* _WHAT THE TASK ASKS_
The answer should be a faithful retyping of the records that follow, pictures excluded.

* _DATASET_
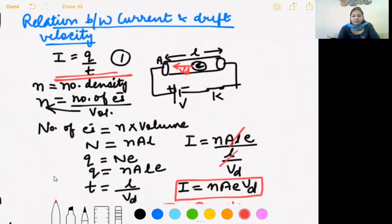Have a look at this derivation. If you have any doubts, let me know. This is the relationship between current and drift velocity. Tomorrow we will continue with more on this topic.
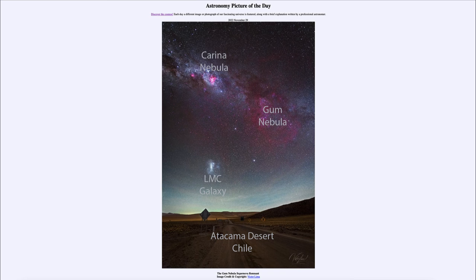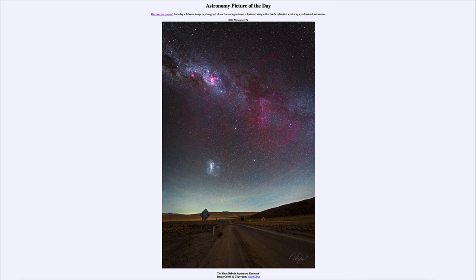So here we get to see a star-forming region — the Carina Nebula — another galaxy in our local group, the Large Magellanic Cloud, and the nearest supernova remnant to us on Earth, the Gum Nebula. That was our picture of the day for November 29th of 2022, titled the Gum Nebula Supernova Remnant. We'll be back again tomorrow for the next picture, so until then, have a great day everyone and I will see you in class.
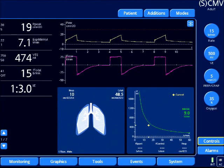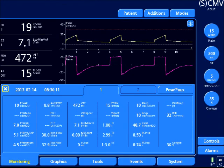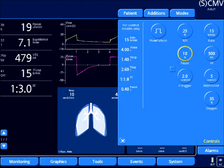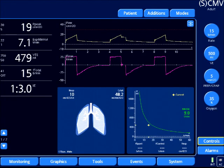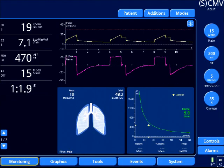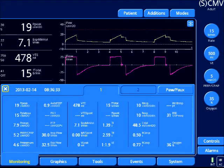To obtain a plateau pressure during volume control, we can set a pause. I'm going to go under the monitoring tab — and you notice under plateau it's dashed out, so there's not a measured value. What I need to do is create a pause. I'm going to select pause and set a 10% pause. If you look at the pressure waveform, it's creating the plateau pressure. Now we can go back to my measured values and we'll see a plateau pressure of 15 centimeters of water. That's the easiest way to do it in volume control ventilation.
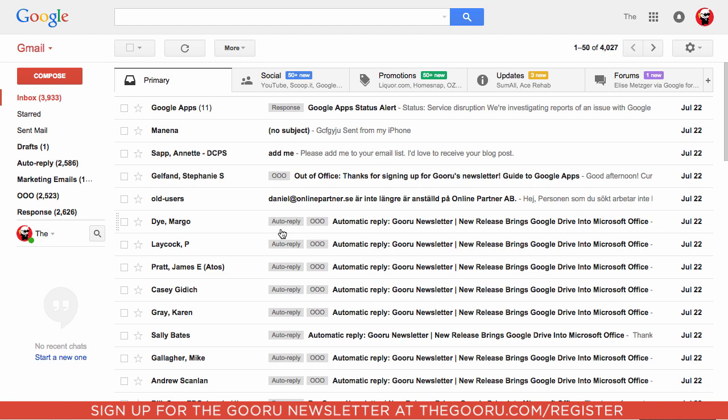As you can see, we already have a lot of labels created on this email account, but for the sake of it, I'll show you how to create a filter and label simultaneously to start out.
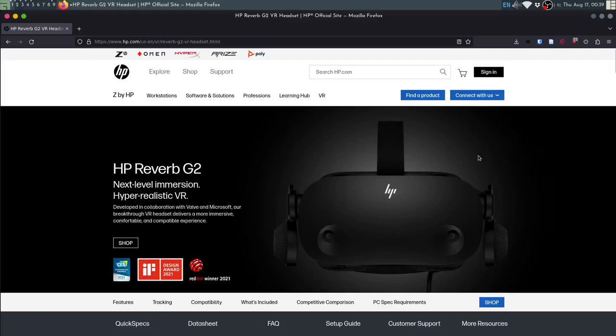Hi, in this video I will show you how to set up the Reverb G2 or any other Windows Mixed Reality headset for that matter to work with Monado, SLAM tracking and hand tracking.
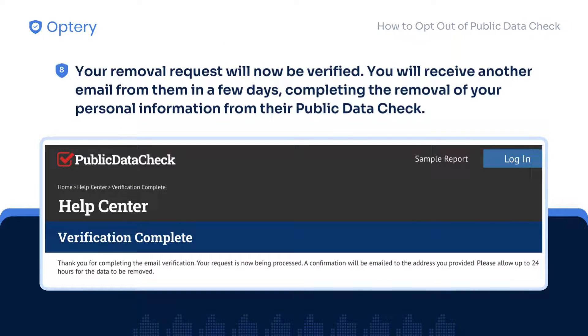After clicking the verification link, your removal request will now be validated. You will receive another email from Public Data Check in a few days, confirming the removal of your personal information from their website.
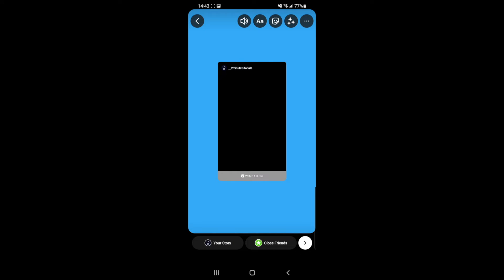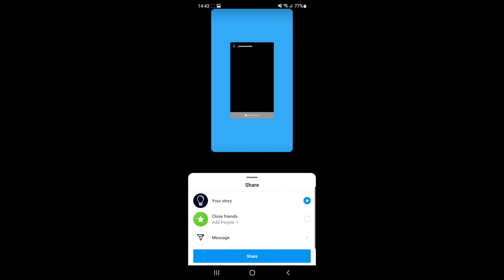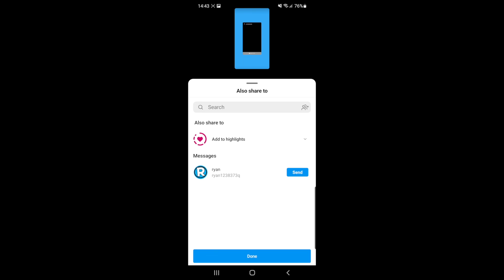Click on this and that will share it over to your story. You can add whatever you want - text, stickers, etc. Then go ahead and click on share. Once you click on share, your Instagram Reel will now be shared to your story.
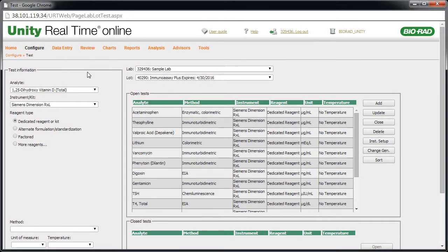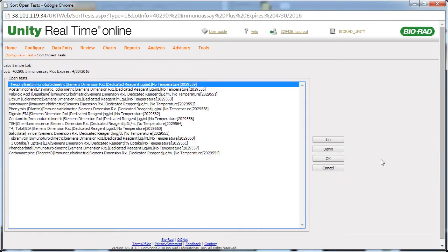Let's return to the Test page. Some customers may find it helpful to arrange tests in a particular order. Click the Sort button. Here you can move tests using the Up or Down buttons. Then click OK.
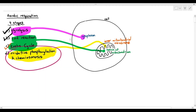For this video, we are going to be looking at the final part of aerobic respiration, which is known as oxidative phosphorylation, together with chemiosmosis. Before we go into the process, there is a bit of revision that we have to cover, because this process is a little bit complicated.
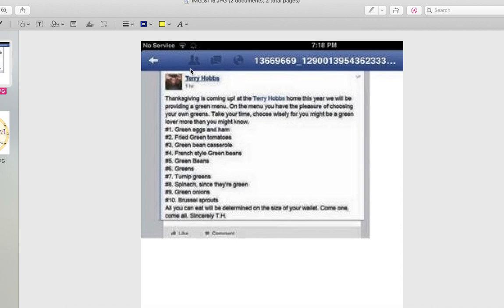I spoke to Terry Hobbs for a good year until he decided to come out with this. Now, for those people that know the case, they'll know how terrible this is. His stepson was found murdered along with two other boys.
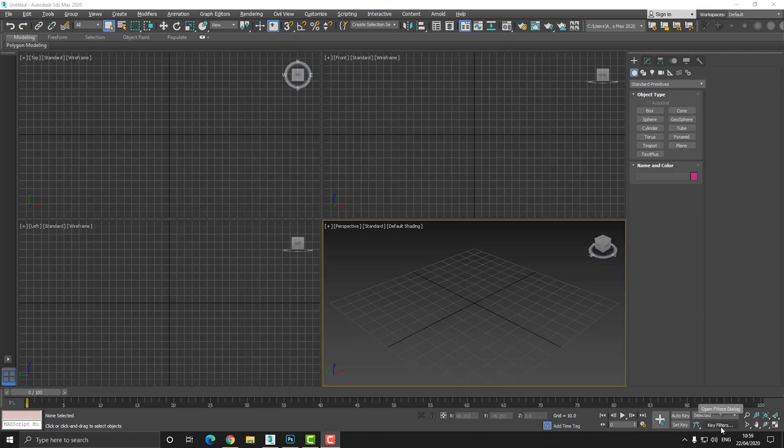Hello, my name is Lee and welcome to today's video tutorial. Today we're going to be modeling a game ready asset. We're going to be modeling a simple basketball. However, we're going to be using 3ds Max and Substance.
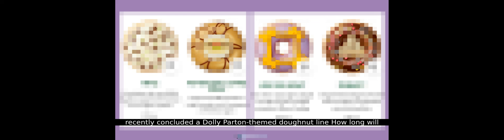What was the previous themed release by Krispy Kreme in the US? Krispy Kreme recently concluded a Dolly Parton themed donut line. How long will the Friends donuts be available in the UK? They will be available through July 21st.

* _WRITTEN SOLUTION_
Have a look at this derivation. If you have any doubts, let me know. This is the relationship between current and drift velocity. Tomorrow we will continue with more on this topic.
So here we get to see a star-forming region — the Carina Nebula — another galaxy in our local group, the Large Magellanic Cloud, and the nearest supernova remnant to us on Earth, the Gum Nebula. That was our picture of the day for November 29th of 2022, titled the Gum Nebula Supernova Remnant. We'll be back again tomorrow for the next picture, so until then, have a great day everyone and I will see you in class.
To obtain a plateau pressure during volume control, we can set a pause. I'm going to go under the monitoring tab — and you notice under plateau it's dashed out, so there's not a measured value. What I need to do is create a pause. I'm going to select pause and set a 10% pause. If you look at the pressure waveform, it's creating the plateau pressure. Now we can go back to my measured values and we'll see a plateau pressure of 15 centimeters of water. That's the easiest way to do it in volume control ventilation.
As you can see, we already have a lot of labels created on this email account, but for the sake of it, I'll show you how to create a filter and label simultaneously to start out.
Hi, in this video I will show you how to set up the Reverb G2 or any other Windows Mixed Reality headset for that matter to work with Monado, SLAM tracking and hand tracking.
After clicking the verification link, your removal request will now be validated. You will receive another email from Public Data Check in a few days, confirming the removal of your personal information from their website.
Click on this and that will share it over to your story. You can add whatever you want - text, stickers, etc. Then go ahead and click on share. Once you click on share, your Instagram Reel will now be shared to your story.
Let's return to the Test page. Some customers may find it helpful to arrange tests in a particular order. Click the Sort button. Here you can move tests using the Up or Down buttons. Then click OK.
For this video, we are going to be looking at the final part of aerobic respiration, which is known as oxidative phosphorylation, together with chemiosmosis. Before we go into the process, there is a bit of revision that we have to cover, because this process is a little bit complicated.
I spoke to Terry Hobbs for a good year until he decided to come out with this. Now, for those people that know the case, they'll know how terrible this is. His stepson was found murdered along with two other boys.
Hello, my name is Lee and welcome to today's video tutorial. Today we're going to be modeling a game ready asset. We're going to be modeling a simple basketball. However, we're going to be using 3ds Max and Substance.
What was the previous themed release by Krispy Kreme in the US? Krispy Kreme recently concluded a Dolly Parton themed donut line. How long will the Friends donuts be available in the UK? They will be available through July 21st.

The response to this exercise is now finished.